* [To do]:
Treat the line containing "Porsche Cayenne 8 of 14" as the first line and the final line of the material below as the last; reproduce that range exactly.

* [Task data]:

•••••

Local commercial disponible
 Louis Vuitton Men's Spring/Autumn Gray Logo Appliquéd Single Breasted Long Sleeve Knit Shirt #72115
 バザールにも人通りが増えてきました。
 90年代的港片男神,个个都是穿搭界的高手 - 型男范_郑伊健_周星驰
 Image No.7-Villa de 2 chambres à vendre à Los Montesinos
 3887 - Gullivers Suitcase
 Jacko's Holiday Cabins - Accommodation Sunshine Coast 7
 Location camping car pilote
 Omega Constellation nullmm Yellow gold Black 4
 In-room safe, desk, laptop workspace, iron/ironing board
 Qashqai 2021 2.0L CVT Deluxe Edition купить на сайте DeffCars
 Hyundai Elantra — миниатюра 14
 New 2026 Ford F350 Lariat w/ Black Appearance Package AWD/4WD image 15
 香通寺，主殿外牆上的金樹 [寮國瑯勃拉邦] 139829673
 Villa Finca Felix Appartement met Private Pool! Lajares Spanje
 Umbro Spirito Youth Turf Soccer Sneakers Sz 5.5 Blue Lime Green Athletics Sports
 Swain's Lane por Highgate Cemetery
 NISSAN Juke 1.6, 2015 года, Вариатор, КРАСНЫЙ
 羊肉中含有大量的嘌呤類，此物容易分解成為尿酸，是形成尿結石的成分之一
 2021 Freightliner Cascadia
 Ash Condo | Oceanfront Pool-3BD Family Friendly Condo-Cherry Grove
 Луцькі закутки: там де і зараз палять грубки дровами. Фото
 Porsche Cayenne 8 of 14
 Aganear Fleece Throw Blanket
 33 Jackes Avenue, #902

•••••

* [Problem solution]:
 Porsche Cayenne 8 of 14
 Aganear Fleece Throw Blanket
 33 Jackes Avenue, #902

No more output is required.